Hey Dollface--merchandise will also keep "Brave" from being a disappointment.
Deadline has a post about how several media analysts are calling “Brave’s” $66.3 million opening disappointing. One calls the ticket sales “good, not Pixar great,” while another sees it as falling well short of their projected $81 million opening. Most damning of all is the perception that it’s just a good movie, not the creatively groundbreaking movie that’s expected of Pixar; it received only 74% good reviews on RottenTomatoes, which makes it just one of three Pixar films to fall below 90%. Cowen and Co analyst Doug Creutz says:
“…we remain concerned that the creative direction of Pixar may be wobbling as Brave is now the second consecutive film to receive less-than-rave reviews…While it may have been easy to write-off Cars 2 as a toy marketing campaign gone wrong, the fact that Pixar has released a creatively ‘average’ original film is of incrementally more concern…Given the price Disney paid for Pixar, and the importance of Pixar as an engine of creative content for the company, we take the risk of erosion of Pixar’s creative greatness very seriously.”
So two questions here: 1) IS “Brave” creatively disappointing? I haven’t seen it, so I’m just going off things I’ve read about it and heard from people.
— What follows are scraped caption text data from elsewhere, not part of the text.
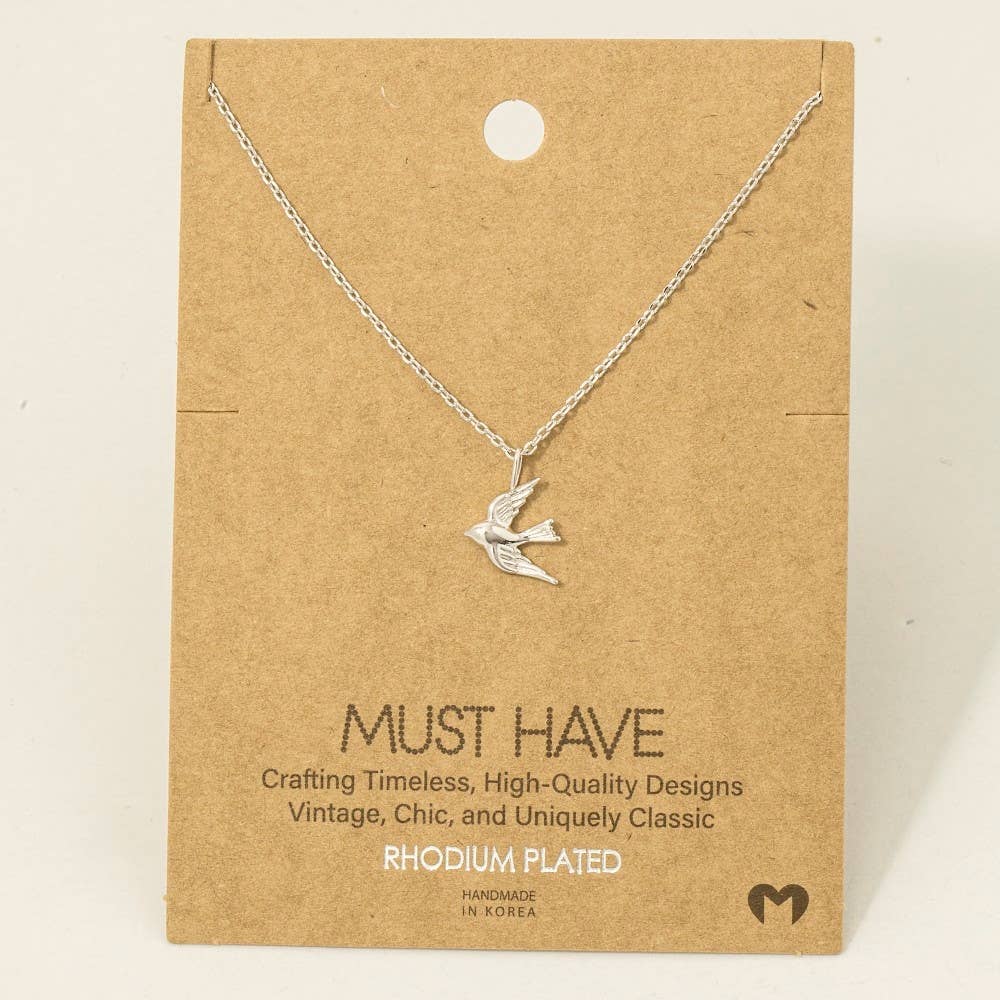 Gold Dipped Flying Bird Pendant Necklace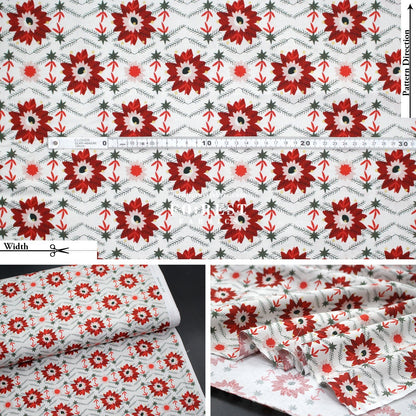 cotton - Poinsettia Crimson Metallic fabric - FO:REST Fabric 布恩堂Liberty fabrictana lawnjapanese fabricykk zipper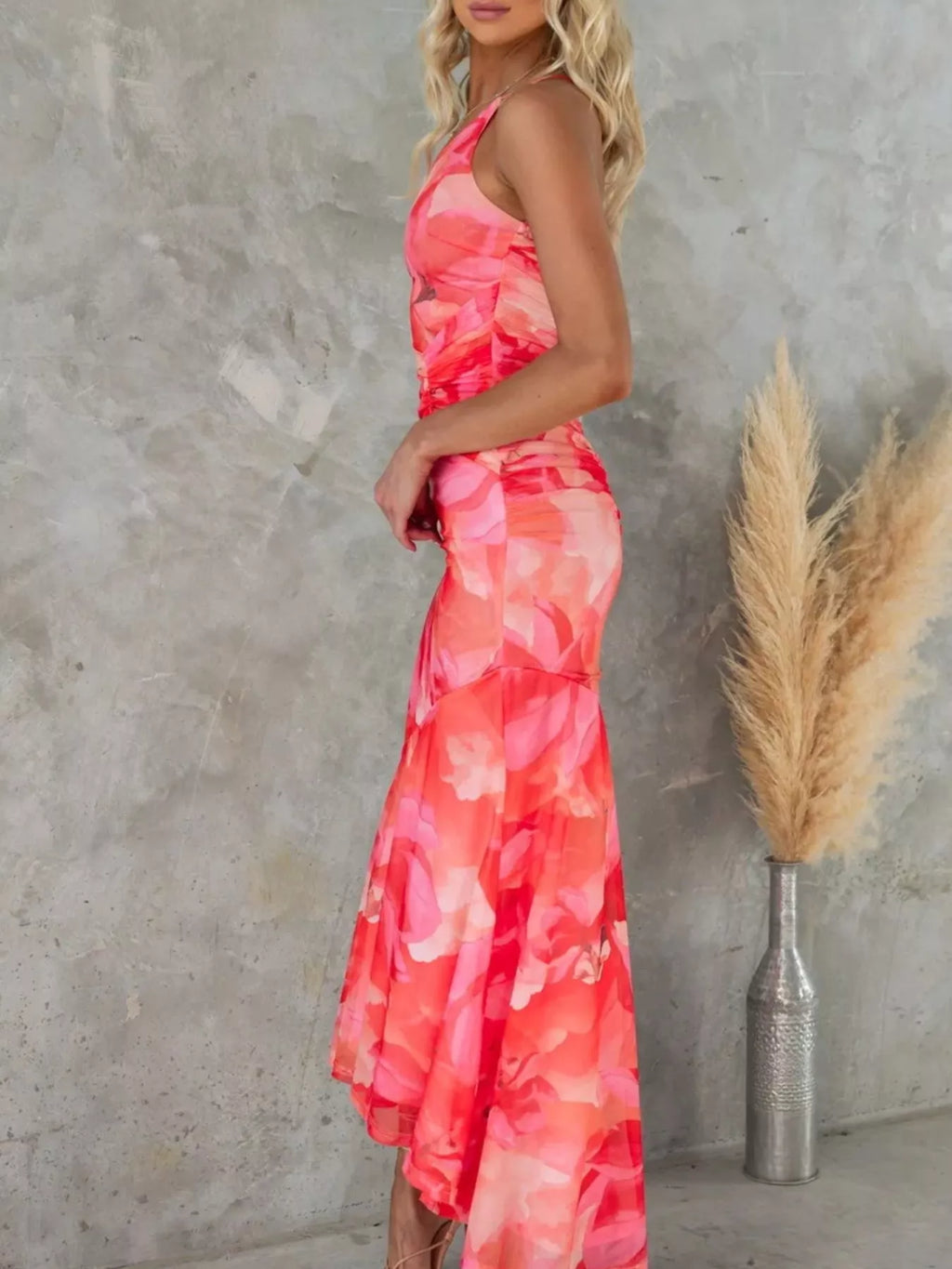 Floral Print One-shoulder Ruched Maxi Dress (8)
One is that it is visually stunning, so no loss there. The other, though, is that the script isn’t very original; after a good start it takes some wrong turns and ends up rather pedestrian. From everything I’ve read about it, I think it looks like it would be considered a very good Disney film. With the Pixar name on it, though, audiences expect more than a princess in trouble movie (and, as some have noted, Disney did a much better take on that with the enjoyable “Tangled”).
2) Is it fair to expect Pixar to produce a masterpiece every time? I really don’t think so. Sure, as a female member of the moviegoing audience, I would have preferred for the much ballyhooed first female protagonist in a Pixar movie to be one of the masterpieces, but every artist or group of artists is going to hit a fallow period sometime. And if everything was great, nothing would be great, right?
So with all apologies to Disney’s expenses in buying Pixar (and trust me, I’m not worried about Disney’s finances), I think it’s okay for “Brave” to be simply good, especially when there are so many outright bad movies. Go ahead, “Brave,” it’s fine to be just fine.